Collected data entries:
◆ ◆ ◆ ◆ ◆ ◆ ◆
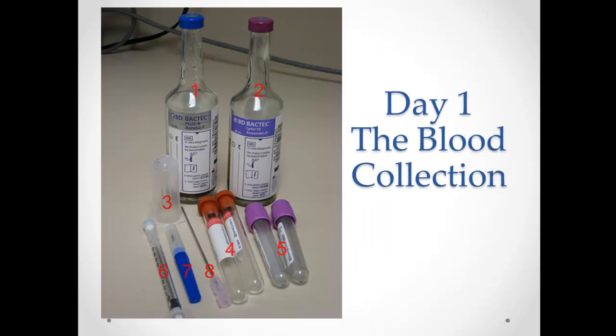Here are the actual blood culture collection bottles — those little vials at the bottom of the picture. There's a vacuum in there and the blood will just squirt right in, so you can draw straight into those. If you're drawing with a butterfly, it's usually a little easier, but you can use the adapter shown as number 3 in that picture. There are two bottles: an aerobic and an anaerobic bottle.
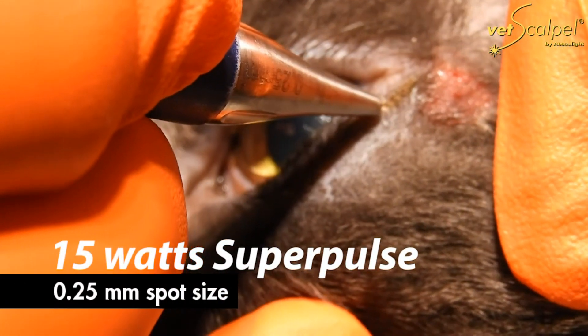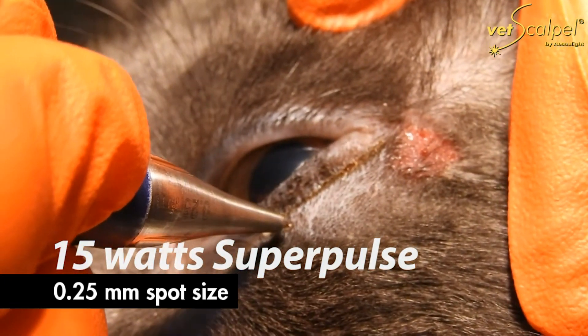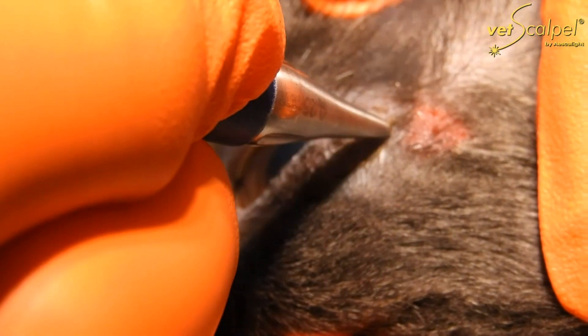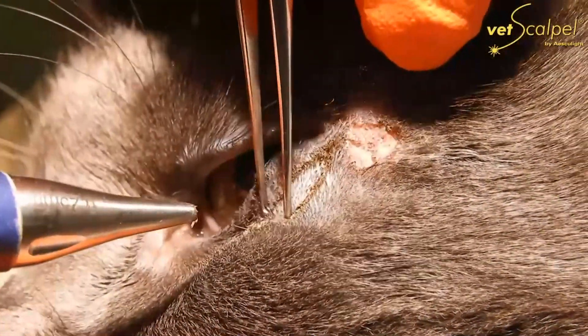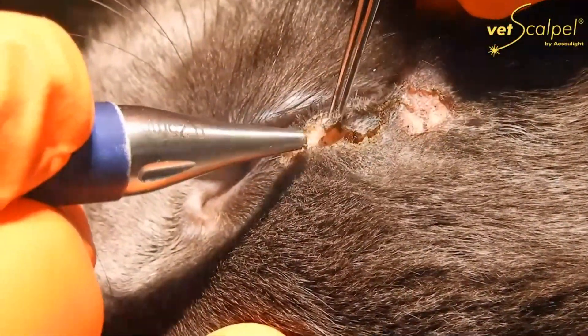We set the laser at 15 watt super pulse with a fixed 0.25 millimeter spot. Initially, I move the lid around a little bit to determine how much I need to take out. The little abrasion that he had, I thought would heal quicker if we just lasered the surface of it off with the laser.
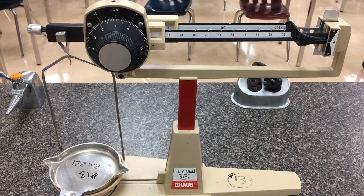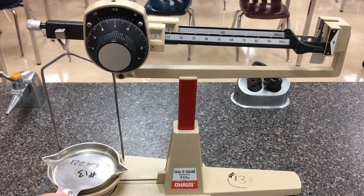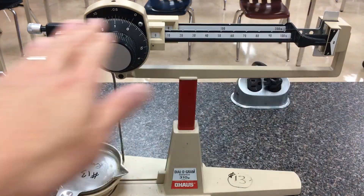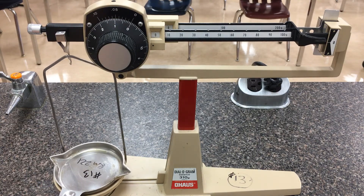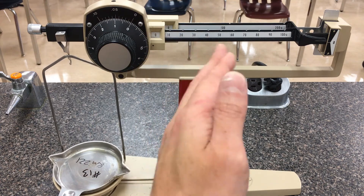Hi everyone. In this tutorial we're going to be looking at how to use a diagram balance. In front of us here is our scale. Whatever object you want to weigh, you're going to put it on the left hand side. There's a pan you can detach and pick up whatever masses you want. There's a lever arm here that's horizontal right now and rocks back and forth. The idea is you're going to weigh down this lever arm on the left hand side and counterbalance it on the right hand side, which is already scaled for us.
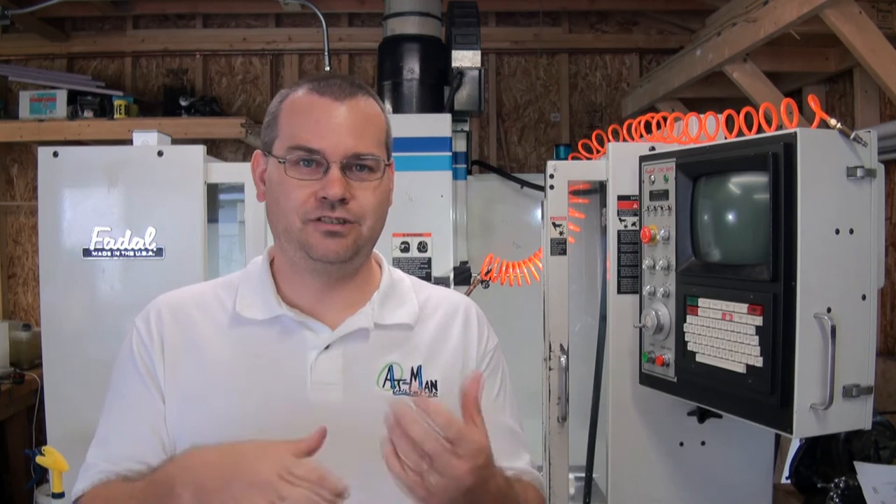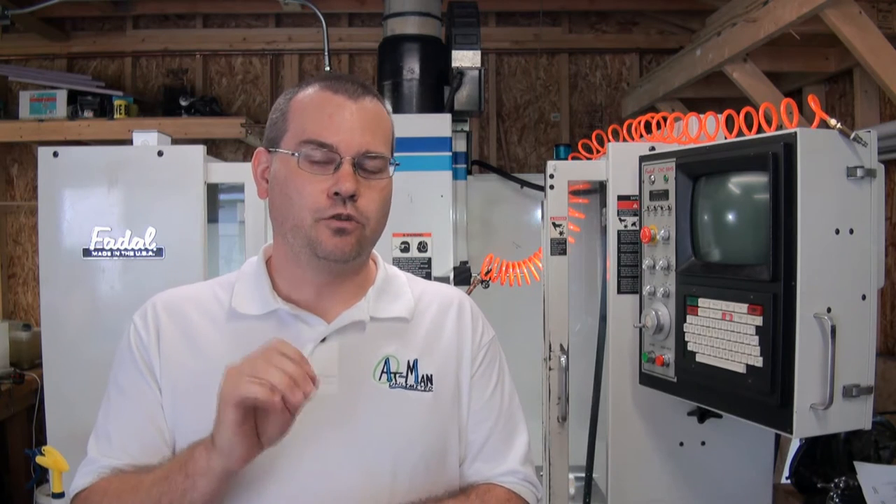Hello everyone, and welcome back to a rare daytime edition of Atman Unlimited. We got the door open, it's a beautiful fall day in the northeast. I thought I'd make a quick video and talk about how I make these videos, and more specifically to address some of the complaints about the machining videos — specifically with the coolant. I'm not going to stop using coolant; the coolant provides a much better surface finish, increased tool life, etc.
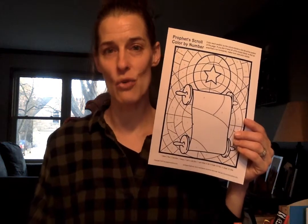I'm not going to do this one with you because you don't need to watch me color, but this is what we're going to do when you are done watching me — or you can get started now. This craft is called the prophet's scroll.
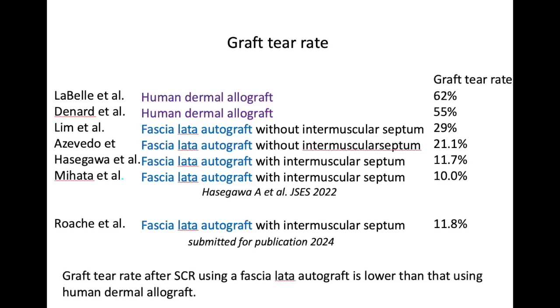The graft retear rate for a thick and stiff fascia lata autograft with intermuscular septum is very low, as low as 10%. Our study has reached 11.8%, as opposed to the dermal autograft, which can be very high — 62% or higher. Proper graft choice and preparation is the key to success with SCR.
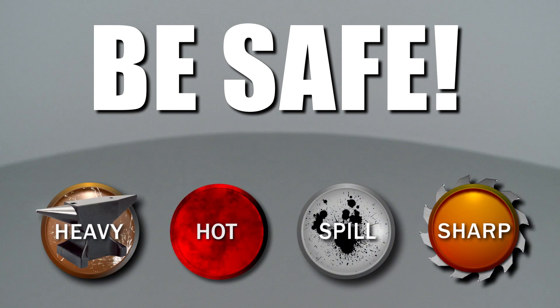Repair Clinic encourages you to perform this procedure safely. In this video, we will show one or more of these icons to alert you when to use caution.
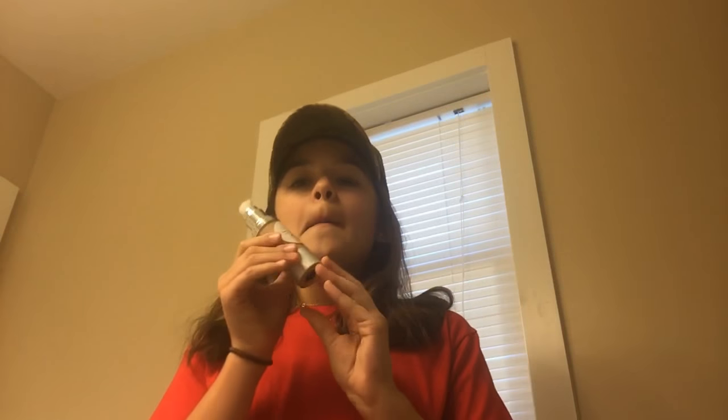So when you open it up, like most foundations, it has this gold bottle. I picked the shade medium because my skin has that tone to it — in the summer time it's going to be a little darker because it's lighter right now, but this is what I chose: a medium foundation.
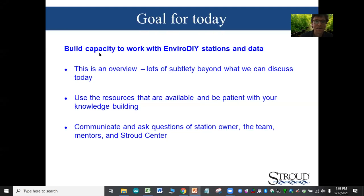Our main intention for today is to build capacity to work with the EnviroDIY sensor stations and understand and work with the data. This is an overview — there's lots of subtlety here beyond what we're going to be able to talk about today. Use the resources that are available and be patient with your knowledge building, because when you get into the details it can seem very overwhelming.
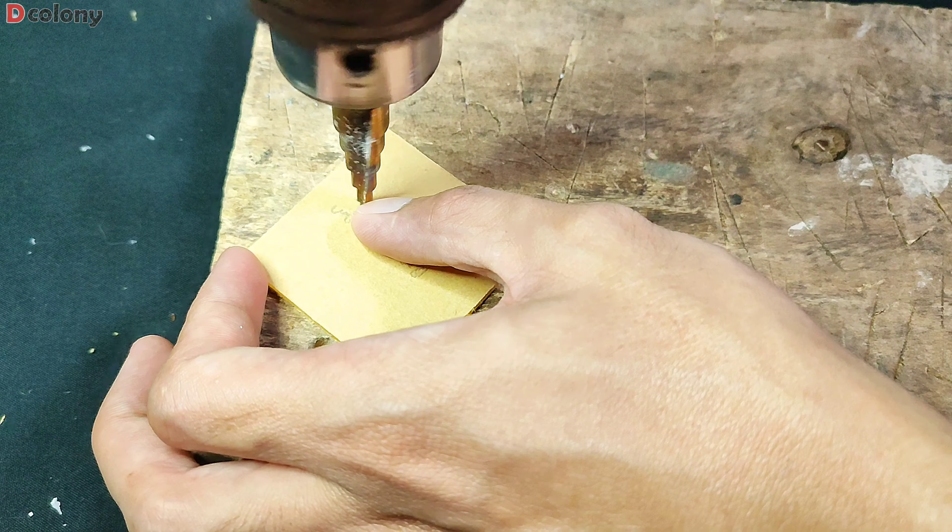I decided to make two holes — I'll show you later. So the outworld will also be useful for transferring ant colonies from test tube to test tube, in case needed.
◆ ◆ ◆ ◆ ◆ ◆ ◆
| Task statement |
Reproduce exactly, and only, the part of the entries above that runs from the line with "So when you" to the last line, both included. Pictures stay out.

| Result of this exercise |
So when you open it up, like most foundations, it has this gold bottle. I picked the shade medium because my skin has that tone to it — in the summer time it's going to be a little darker because it's lighter right now, but this is what I chose: a medium foundation.
Our main intention for today is to build capacity to work with the EnviroDIY sensor stations and understand and work with the data. This is an overview — there's lots of subtlety here beyond what we're going to be able to talk about today. Use the resources that are available and be patient with your knowledge building, because when you get into the details it can seem very overwhelming.
I decided to make two holes — I'll show you later. So the outworld will also be useful for transferring ant colonies from test tube to test tube, in case needed.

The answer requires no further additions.